Q: What else are you working on? LL: Dream Hero Productions has three feature films in post-production (Strange Company, Battered, Sinners, Inc.), another in development, and we are shooting the short film Deuces about a hobo clown who confronts the grim reaper the weekend of October 20th, 2018.
Q: Tell us one weird thing about you and/or your movies? LL: Despite being a devout Christian, I have a tendency to gravitate toward the horror genre, where I find the most entertainment and enjoyment from a filmmaking and audience member standpoint.
Q: Is there anything you’d like to say about The Emerging Filmmakers Project? LL: The EFP has been a staple in the Denver filmmaking scene for a long time. It was the first place that was willing to screen my short films, and it continues to grow and nurture the local filmmaking community like no other event that I’ve discovered. I am grateful for the EFP, and the encouragement it has brought to my career through the years. Thanks, EFP!

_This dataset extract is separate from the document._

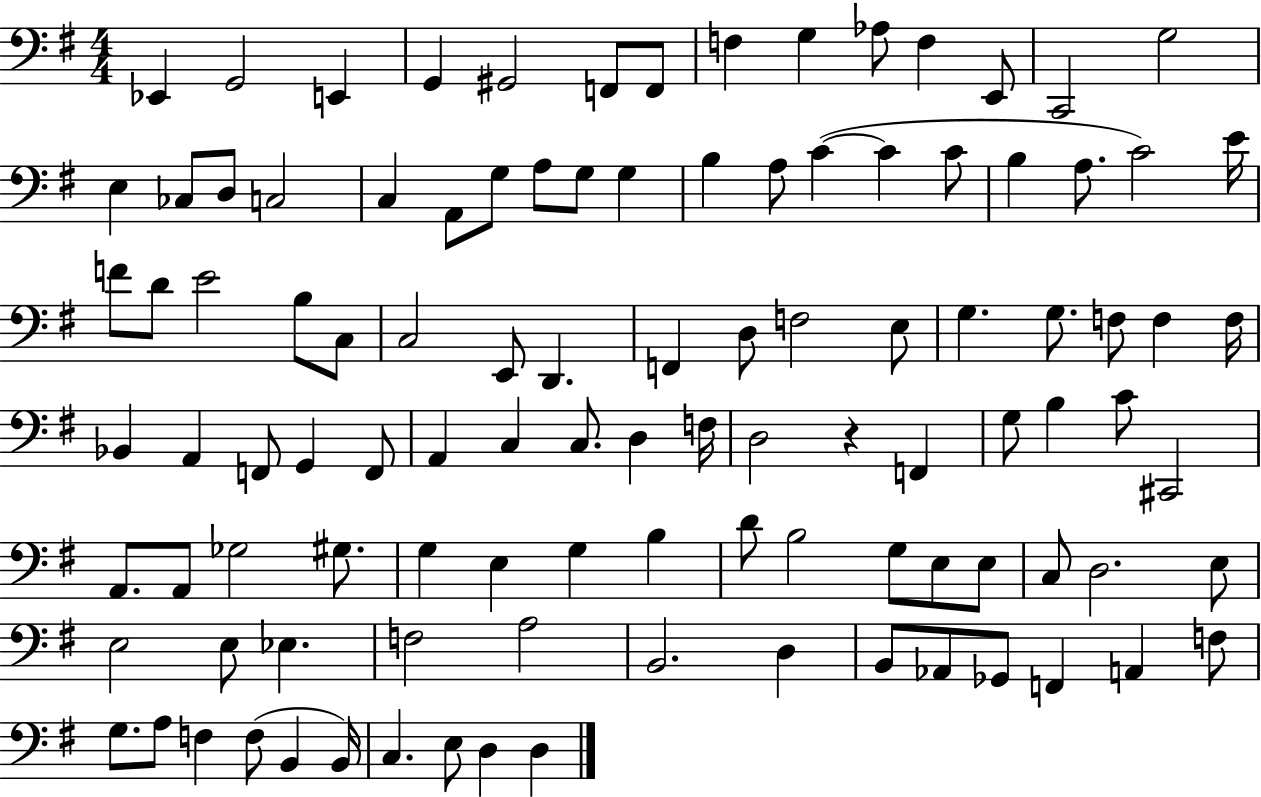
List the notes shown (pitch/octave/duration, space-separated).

Q: Why did you become a filmmaker? JT: Movies have always been my passion for as long as I can remember. I’ve always wanted to be a filmmaker ever since I was a little kid and it’s an aspiration that’s stuck with me to this day. I make films because I enjoy making them. You could say to my face that I make the worst movies ever made and it wouldn’t discourage me.
Q: What are we going to see at the EFP? Has it screened elsewhere and what are your plans for it? JT: You’re going to be seeing Not for Me, an experimental project that my good friend, Christian Hutchins, and I worked on for six months back in 2017. You can currently view it on Youtube, Vimeo, and my personal website.
Q: What else are you working on? JT: I have a script written for an untitled horror/comedy short film. When or if it’ll ever get off the ground remains to be certain. Aside from that, I have plenty of ideas for other films, but nothing concrete. I work part-time and go to community college and don’t have as much downtime as I used to so that makes potential projects rather difficult. I edit a lot in my spare time, but it’s mostly video game fan trailers or really crappy memes that make my inner child snicker. Those are always fun though and a really great way to refine your editing skills.
Q: Tell us one weird thing about you and/or your movies? JT: Honestly when it comes to storytelling in my films, I just kinda do whatever the hell I feel like doing. I’m a pretty weird person so naturally my films typically have a weird idiosyncratic sort of style to them. I feel it helps them stand out a bit more. My previous films were primarily comedies or quirky dramas and Not for Me is the first dead serious film I’ve done in this style. It was an interesting process to say the least.
Q: Is there anything you’d like to say about The Emerging Filmmakers Project? JT: I’m super ecstatic that you’ve chosen my film in your lineup. I think what you’re doing is a great way to get your work out there and connect with other members of the Colorado filmmaking community.